__Work item__
What you produce should match the records below precisely, except that images are removed.

__Data records__
***

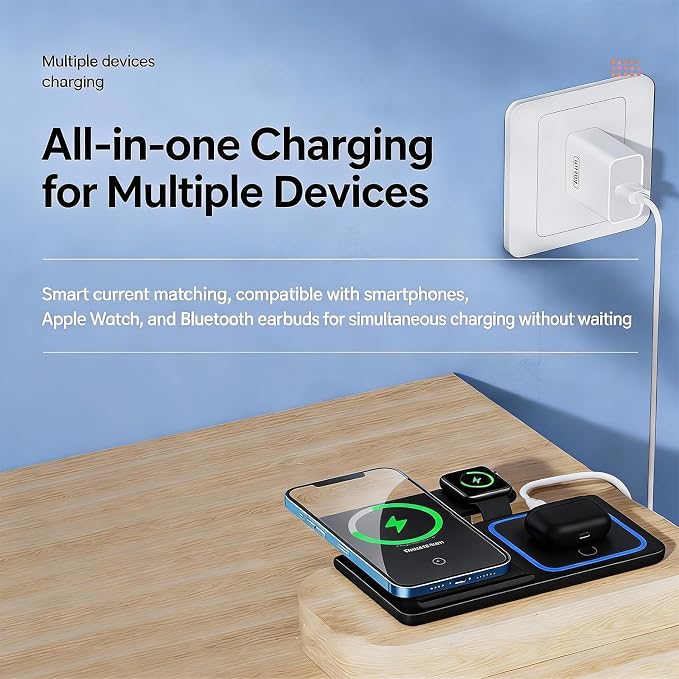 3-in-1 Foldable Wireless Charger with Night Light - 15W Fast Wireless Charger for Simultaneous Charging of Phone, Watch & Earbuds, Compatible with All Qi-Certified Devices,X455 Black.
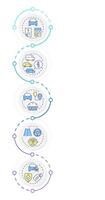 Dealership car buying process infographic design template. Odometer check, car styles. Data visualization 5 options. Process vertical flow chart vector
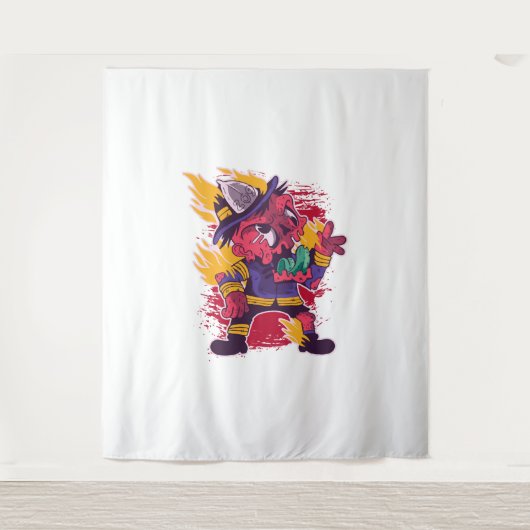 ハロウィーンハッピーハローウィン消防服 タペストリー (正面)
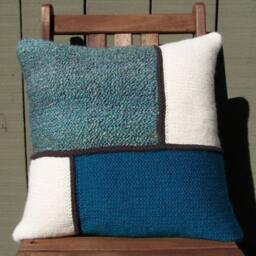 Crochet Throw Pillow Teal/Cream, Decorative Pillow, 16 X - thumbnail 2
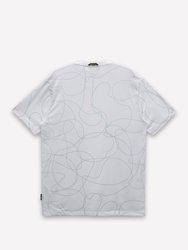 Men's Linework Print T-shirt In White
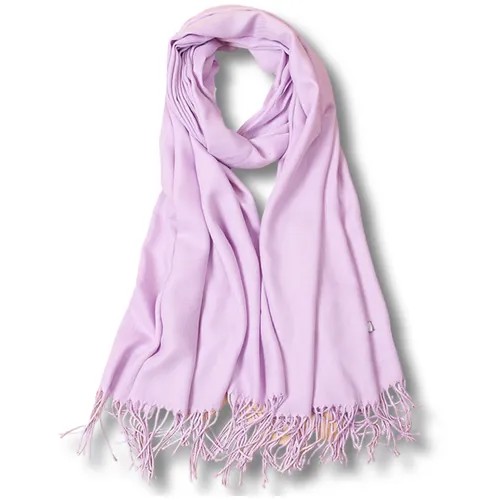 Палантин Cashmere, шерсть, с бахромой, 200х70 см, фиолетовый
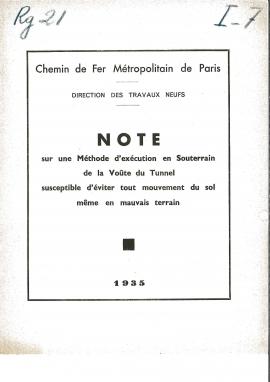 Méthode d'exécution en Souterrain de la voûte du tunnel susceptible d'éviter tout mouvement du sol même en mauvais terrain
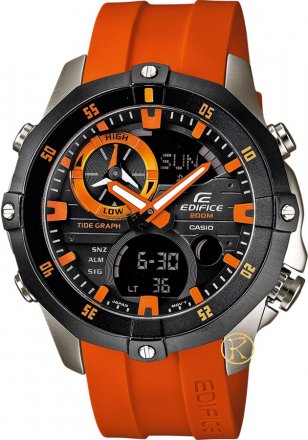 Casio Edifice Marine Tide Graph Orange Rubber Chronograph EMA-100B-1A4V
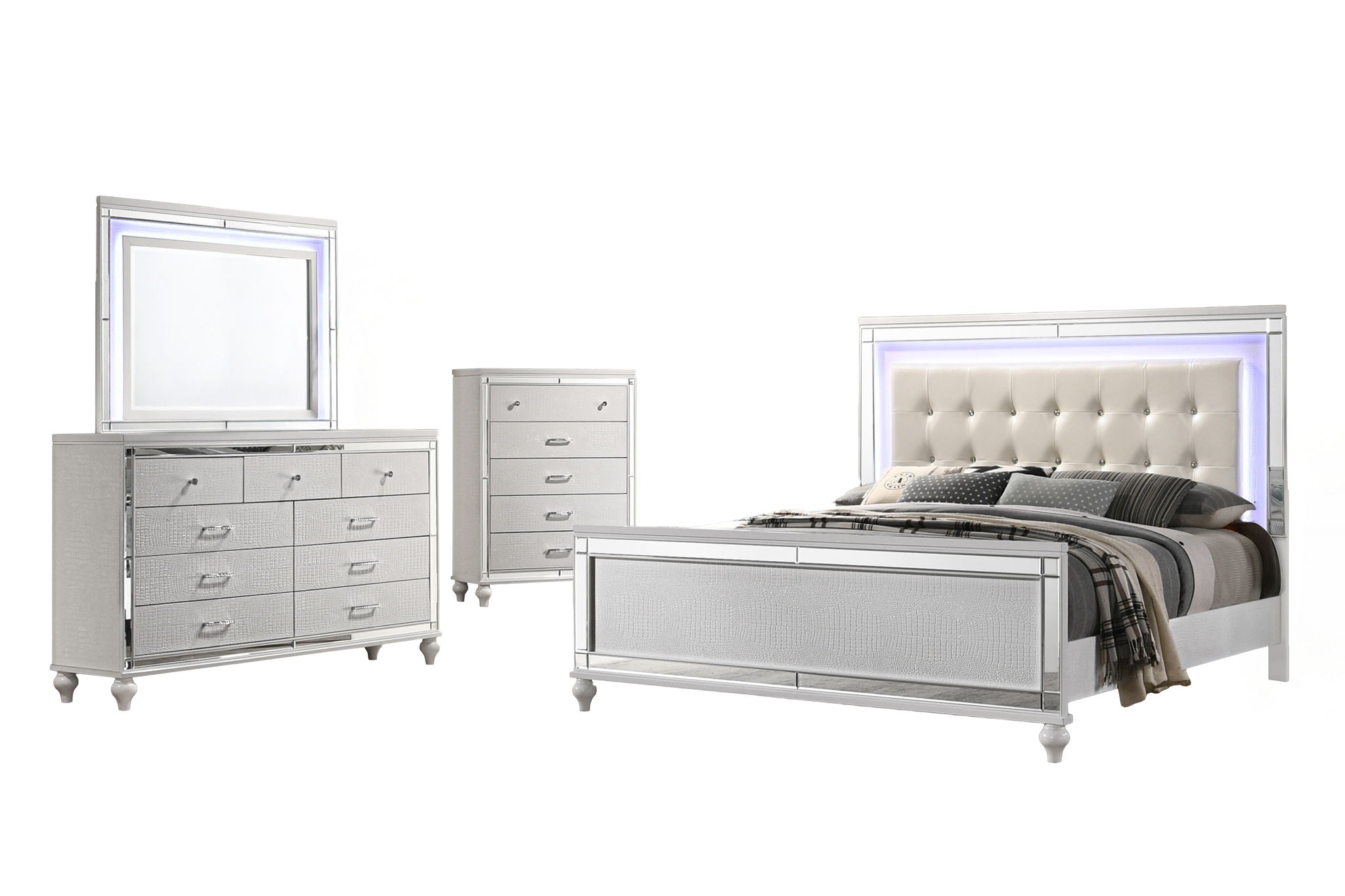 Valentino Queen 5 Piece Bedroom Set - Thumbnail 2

***

__Reply__
 3-in-1 Foldable Wireless Charger with Night Light - 15W Fast Wireless Charger for Simultaneous Charging of Phone, Watch & Earbuds, Compatible with All Qi-Certified Devices,X455 Black.
 Dealership car buying process infographic design template. Odometer check, car styles. Data visualization 5 options. Process vertical flow chart vector
 ハロウィーンハッピーハローウィン消防服 タペストリー (正面)
 Crochet Throw Pillow Teal/Cream, Decorative Pillow, 16 X - thumbnail 2
 Men's Linework Print T-shirt In White
 Палантин Cashmere, шерсть, с бахромой, 200х70 см, фиолетовый
 Méthode d'exécution en Souterrain de la voûte du tunnel susceptible d'éviter tout mouvement du sol même en mauvais terrain
 Casio Edifice Marine Tide Graph Orange Rubber Chronograph EMA-100B-1A4V
 Valentino Queen 5 Piece Bedroom Set - Thumbnail 2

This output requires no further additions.